Problem details:
Return the lines of the material below exactly, beginning with the line that has "Graves' disease is" in it and finishing with the line that has "For Norton, go" in it. Leave all pictures aside.

——

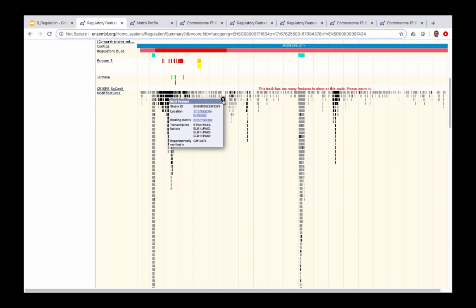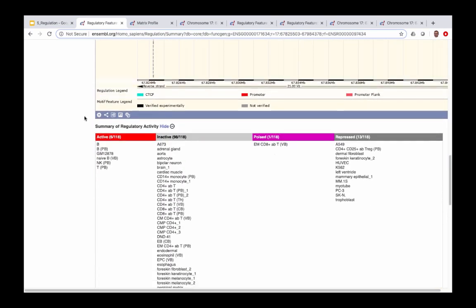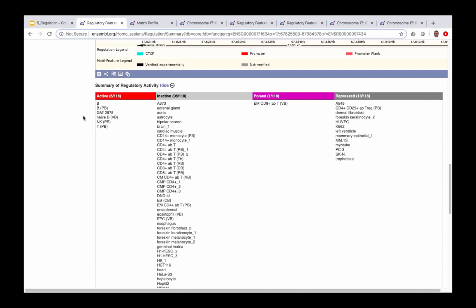Going back to the Ensembl genome browser, scrolling to the very bottom we find a table showing the different cell types and the activity of this feature in each. In 6 of 118 cell types in Ensembl, this feature is active; in 98 cell types it is inactive; in 1 it is poised; and in 13 cell types it is actively repressed.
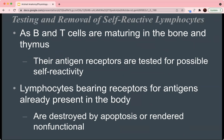As B cells and T cells are maturing in the bone marrow and the thymus, their antigen receptors are tested for possible self-reactivity. Lymphocytes bearing receptors for antigens already present in the body are destroyed by apoptosis or rendered nonfunctional. Self-reactivity is very dangerous because immune cells would seek out and destroy proteins that are important to cell function, causing the immune system to act against the body, which can lead to many diseases and harmful conditions.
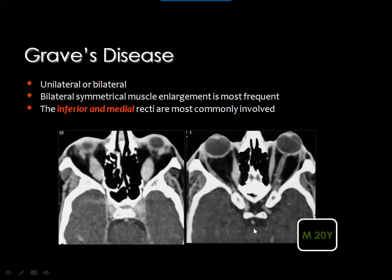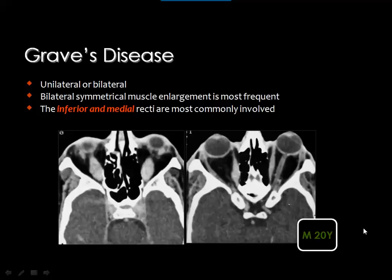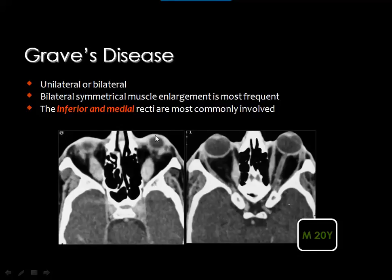Graves' disease is a metabolic disease usually associated with thyroid abnormalities. It causes deposition of mucopolysaccharide protein complex within the muscles and fat, resulting in almost symmetrical enlargement of multiple extraocular muscles unilaterally or bilaterally, together with infiltration of the intraorbital fat. This leads to enlargement of the orbital volume and consequently bilateral almost symmetrical proptosis. The most commonly affected muscles are the inferior rectus and the medial rectus.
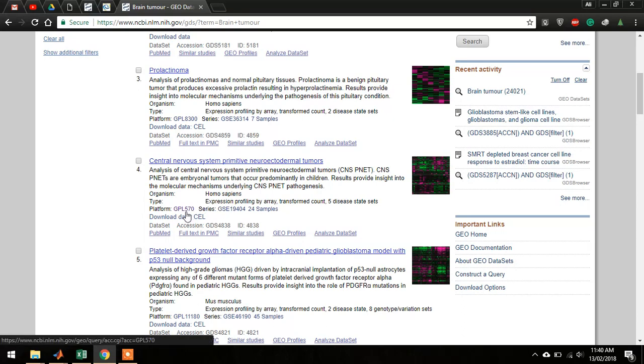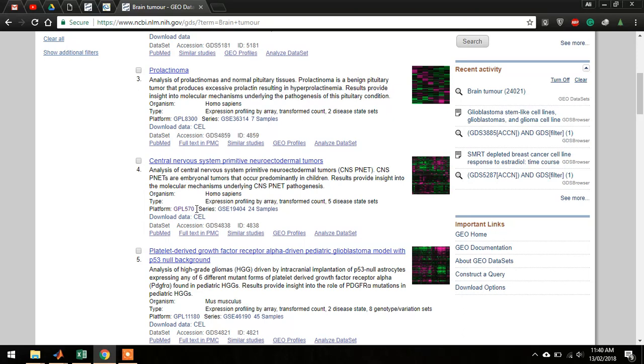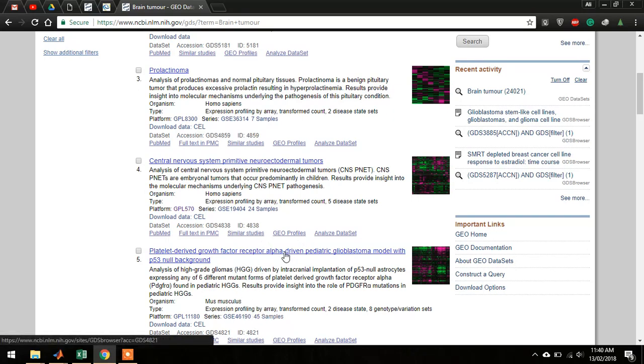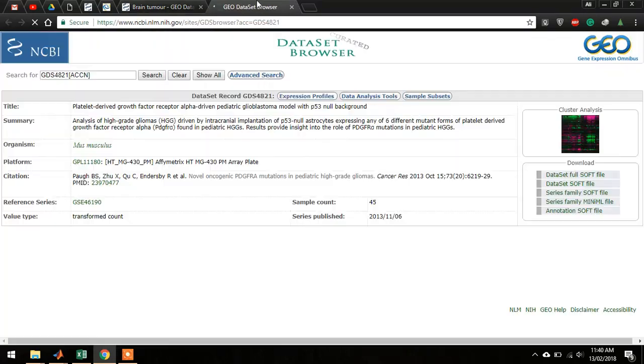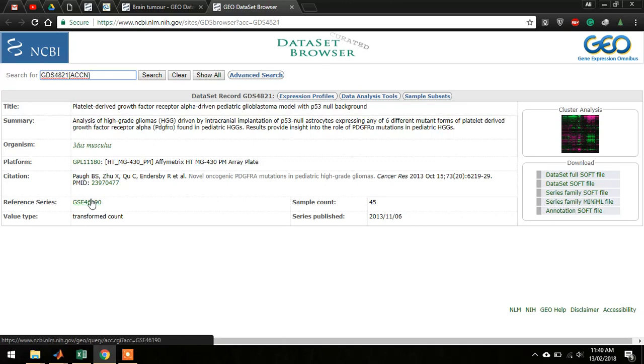This platform GPL570 contains all the gene symbols that we need. I will explain later. So let's take this example with 45 samples and open this link in a new tab. Then go to this platform right away.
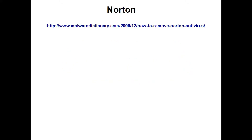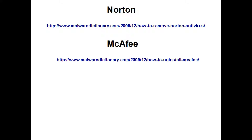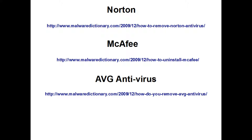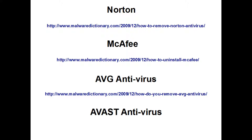For Norton, go to www.malware-dictionary.com — How to remove Norton antivirus. For McAfee, go to www.malware-dictionary.com — How to remove McAfee. And for Avast antivirus, go to www.malware-dictionary.com.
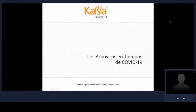Muy buenos días. Es un gusto estar reunidos nuevamente con la comunidad científica y todo el personal vinculado a la vigilancia epidemiológica y la salud pública. En este gran reto que nos ha puesto la pandemia de COVID-19, para quienes nos dedicamos a la vigilancia de otros virus como los arbovirus, el reto sigue siendo mayor. Vamos a hablar de los arbovirus en tiempos de COVID, lo cual ha representado un reto muy grande que nos obliga a incluir nuevas propuestas para abordar la problemática.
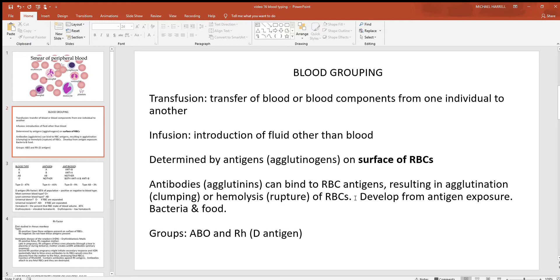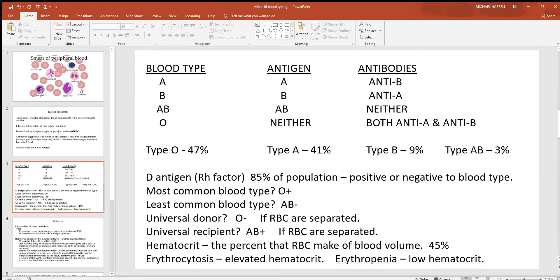These antibodies aren't always there — they come about later in your life, not too long after you've been born, after you get exposed to the antigens. That doesn't mean you're getting exposed to somebody else's red blood cells, because these proteins can be found in other places like bacteria or food. With blood grouping and blood typing, we always want to look at the ABO system and then the Rh factor. There are around 35 blood types known worldwide, but most everybody falls into type A, B, AB, or O.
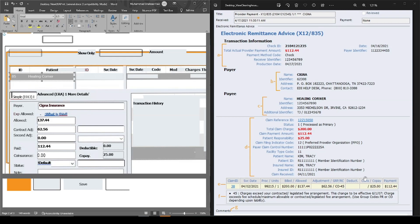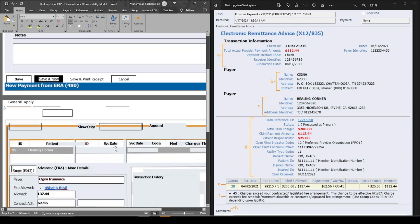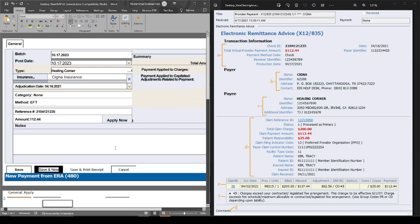The remaining $25 is the patient responsibility, which will be billed to the patient electronically — just like we receive bills from electricity or gas companies. Similarly, patients receive bills from facilities or billing companies. This is the way we apply payments in this software using the dummy ERA data we received.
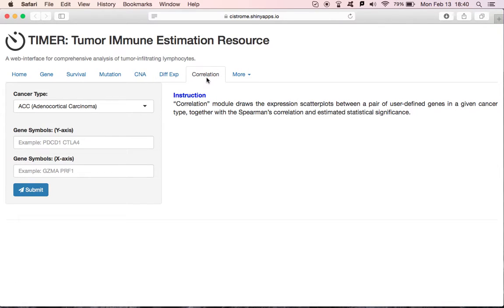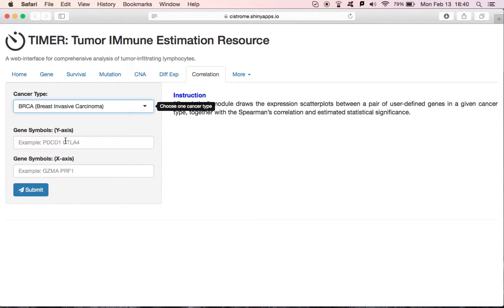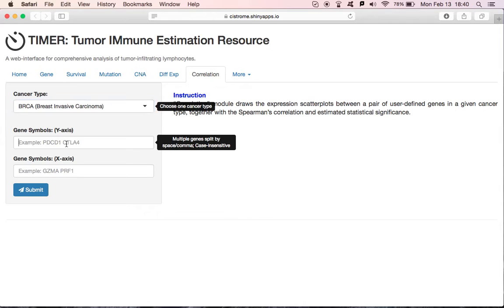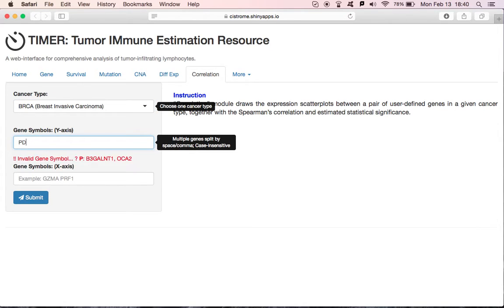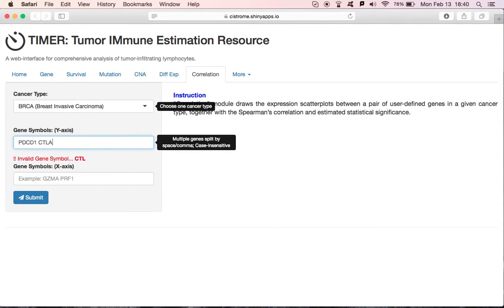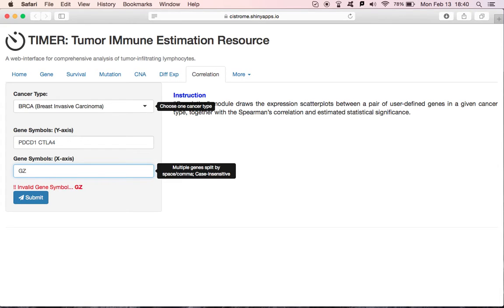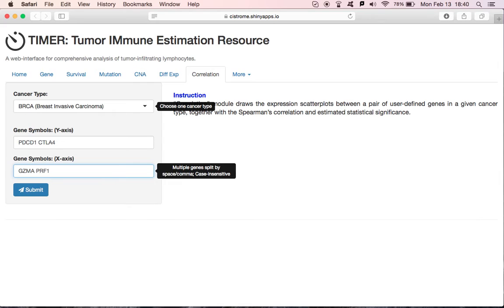The last module is the correlation module. It draws the expression scatter plots to compare the correlation between two gene sets. If we choose BRCA as the input, for example, and the y-axis for PDCD1 CTLA4, and the x-axis as GZMA PRF1, and click Submit. The scatter plots give you the correlations that you can compare.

——

Task answer:
Graves' disease is a metabolic disease usually associated with thyroid abnormalities. It causes deposition of mucopolysaccharide protein complex within the muscles and fat, resulting in almost symmetrical enlargement of multiple extraocular muscles unilaterally or bilaterally, together with infiltration of the intraorbital fat. This leads to enlargement of the orbital volume and consequently bilateral almost symmetrical proptosis. The most commonly affected muscles are the inferior rectus and the medial rectus.
This platform GPL570 contains all the gene symbols that we need. I will explain later. So let's take this example with 45 samples and open this link in a new tab. Then go to this platform right away.
For Norton, go to www.malware-dictionary.com — How to remove Norton antivirus. For McAfee, go to www.malware-dictionary.com — How to remove McAfee. And for Avast antivirus, go to www.malware-dictionary.com.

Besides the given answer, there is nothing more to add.